Christian apologetics conference Nov. 1 in Nashville


Tennessee Christian News

NASHVILLE – Christian scholars will hold an apologetics panel discussion on Saturday, Nov. 1 to defend the truth of the gospel.

The Defending Truth apologetics conference will be held at Trevecca Nazarene University from 9 a.m.-6 p.m.

Panelists include: Dr. Stephen C. Meyer, Director of the Discovery Institute’s Center for Science and Culture and founder of the intelligent design movement; Dr. Frank Turek, President of and award-wining author/coauthor of: “I Don’t Have Enough Faith to be an Atheist,” “Correct, Not Politically Correct” and “Legislating Morality;” Dr. Ed Stetzer, Executive Director of LifeWay Research and author; Dr. Alex McFarland, Director of the Center for Christian Worldview and Apologetics at North Greenville University and author of the best-selling “10 Most Common Objections to Christianity;” J. Warner Wallace, cold-case homicide detective, Christian case maker and author; Abdu Murray, former Muslim, now president of an apologetics-based ministry dedicated to offering the truth of the Gospel to Muslims, Jews, cult members and skeptics; and Troy A. Miller, president and CEO of the NRB Network.
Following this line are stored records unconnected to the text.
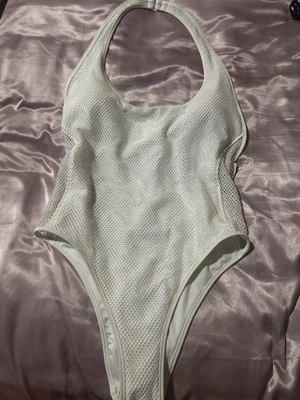 Victoria's Secret новый с Ярлыками белая сетка цельный купальник. Размер маленький новый никогда не носился. - Изображение 1 из 4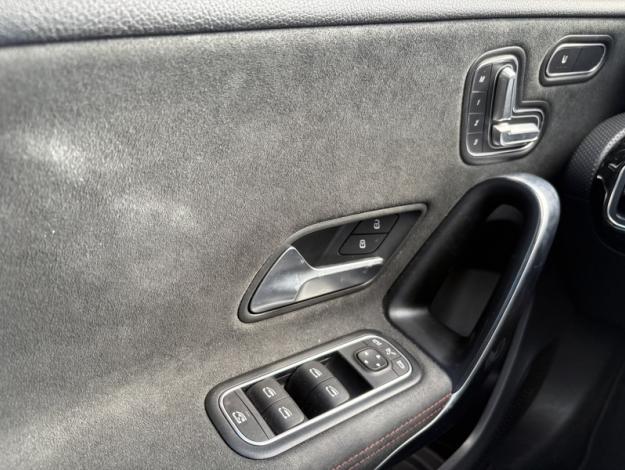MERCEDES-BENZ Classe A A 180 Compacte AMG Line 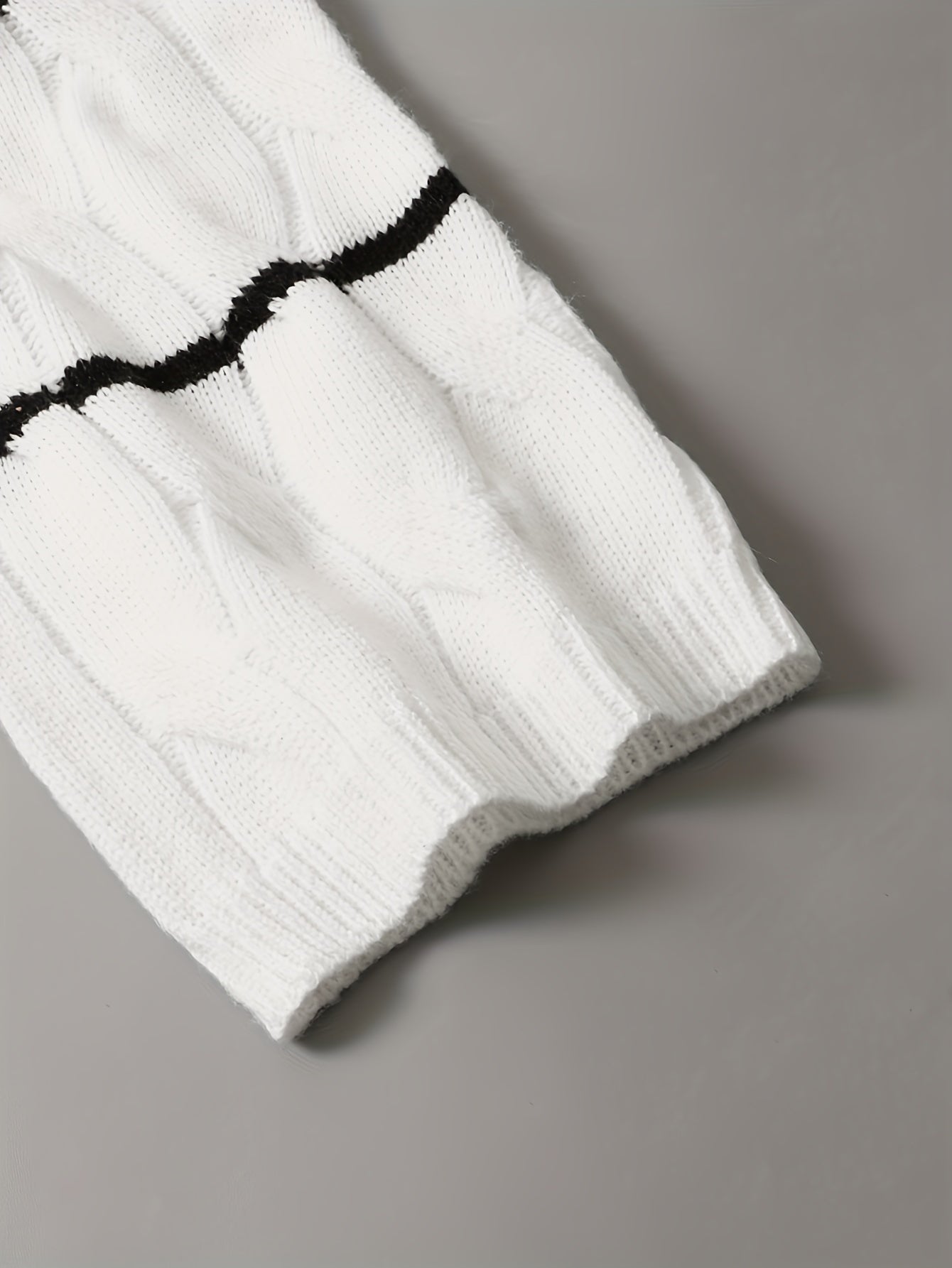  Stripe Cable One Shoulder Jumper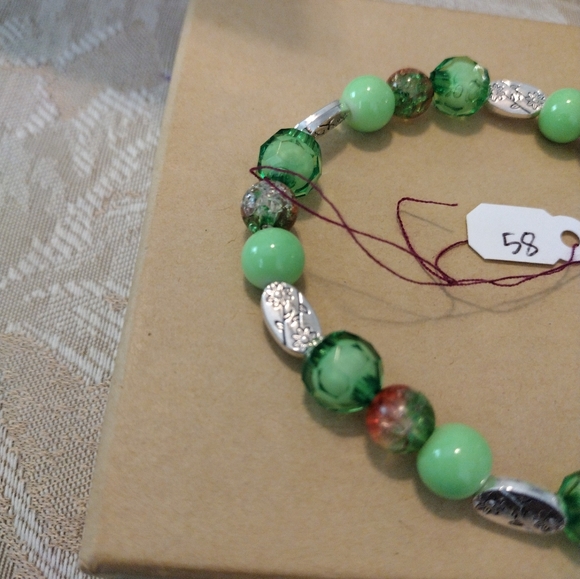 Artemis's Gems custom-made beaded bracelet with metal flower engraved charms - Picture 3 of 4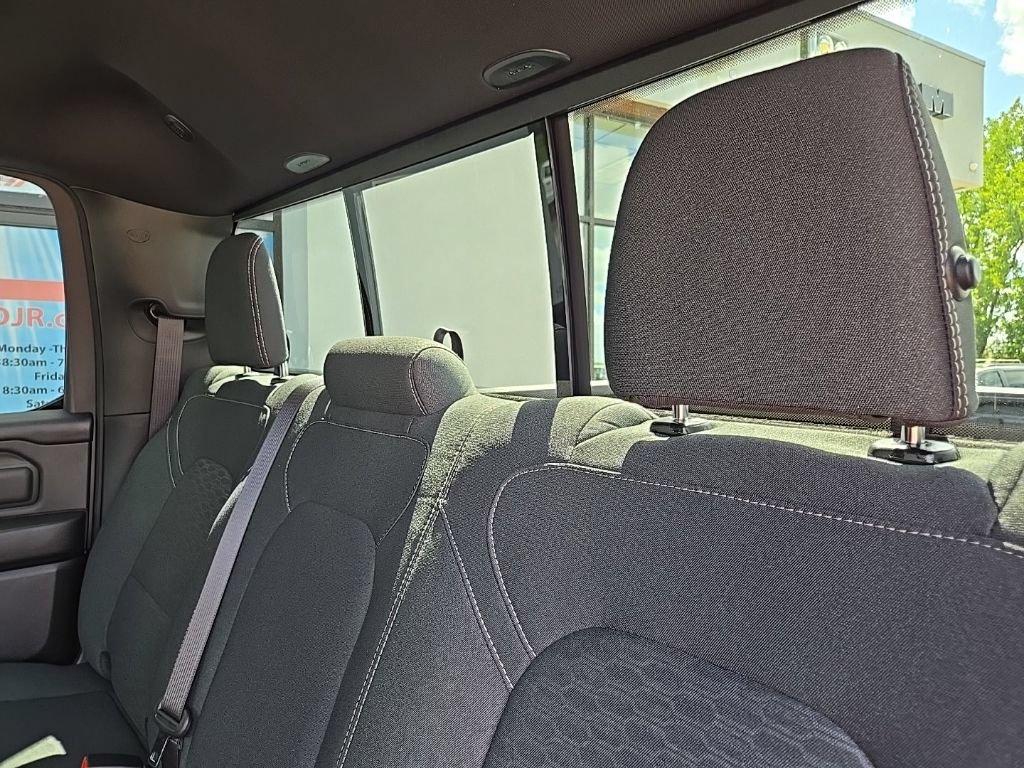 New 2027 RAM 1500 Express AWD/4WD image 95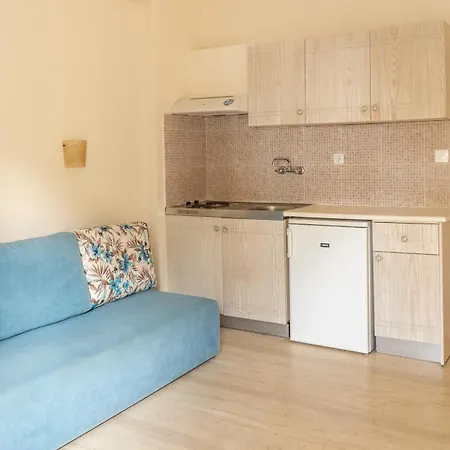 Nefeli Skiathos Maratha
I had the opportunity to speak to Dr. Turek earlier this week. He said each panelist will spend one hour speaking about his area of expertise – his topic will be on gay marriage, which he addressed in “Correct, Not Politically Correct.”

That book examines natural law: “why you can’t change natural law and not expect consequences.”

Only one state (Maine) has changed the definition of marriage by popular vote, he said. In three states, legislatures acted and the people did not overturn the decisions. All other cases have resulted from “judicial tyranny.”

The judges’ use of the 14th Amendment to push gay marriage is bogus, Dr. Turek said.

On, he writes, “It’s absurd rationally because everyone already has equal marriage rights. Every person has the same equal right to marry someone of the opposite sex. That law treats all people equally, but not every behavior they may desire equally. Same sex marriage and natural marriage are different behaviors with different outcomes, so the law rightfully treats them differently. One behavior perpetuates and stabilizes society, and the other doesn’t.

“The 14th Amendment of the U.S. Constitution was passed in 1868 to prevent states from discriminating against newly freed slaves. At that time blacks and women didn’t even have the right to vote, yet no one ever thought a court could use the “equal protection” clause to change state voting laws. So why do courts think they can use it now to change state marriage laws? Are we to believe that “equal protection” does not guarantee a woman’s right to vote but does guarantee a woman’s right to marry another woman?

Same-sex attraction is a behavior, while race is not, he said.